TOTAL SYNTHESIS OF (-)-EBELACTONE-A AND (-)-EBELACTONE-B-1

The beta-lactone enzyme inhibitors (-)-ebelactone A (1) and (-)-ebelactone B (2) have been prepared in 12 steps from diethyl ketone (4 and 3% overall yield, respectively). The synthetic strategy adopted for the ebelactones demonstrates the use of reagent- and substrate-derived stereocontrol and requires the minimal use of protecting groups. The stereocenters at C-2, C-3, C-8, C-10, and C-11 were constructed using boron aldol methodology.

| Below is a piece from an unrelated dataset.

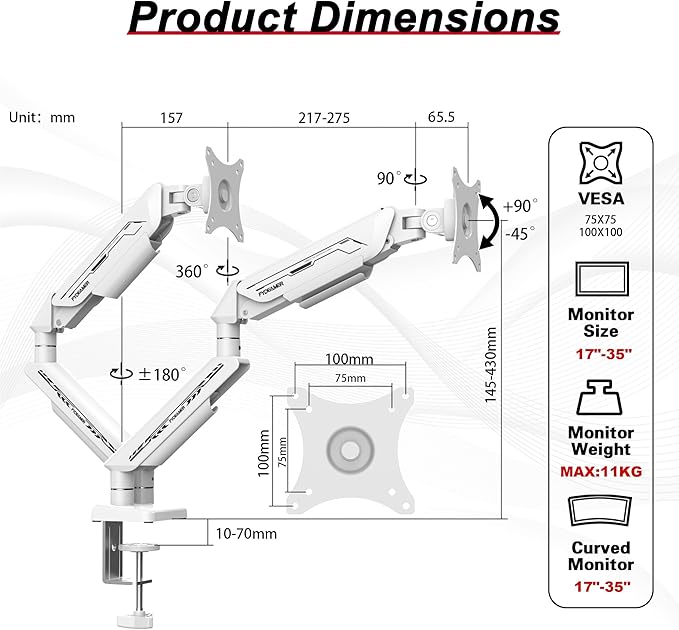 Fydeamer Dual Monitor Arm for 17-35" Screens up to 24.2 lbs, Ergonomic Gas Spring Monitor Stand with Height Adjust, Tilt, Swivel & Cable Management, VESA Desk Mount with 2 Types of Installation, White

An asymmetric syn, aldol addition of diethyl ketone to 2-ethyl/acrolein gave adduct 8 in 86% ee, followed by a diastereoselective syn aldol reaction to give 11. Subsequently, an Ireland-Claisen rearrangement was used to relay 1,2-syn into 1,5-syn relative stereochemistry, as in 12 --> 14. In the anti aldol construction of the C-2-C-3 bond, the use of either a propionate or butyrate thioester enolate allowed for a divergent approach from aldehyde 17 to both (-)-ebelactone A and B. Several novel analogues of ebelactone A and B were also prepared with inverted stereochemistry at C-2, C-3, or C-12.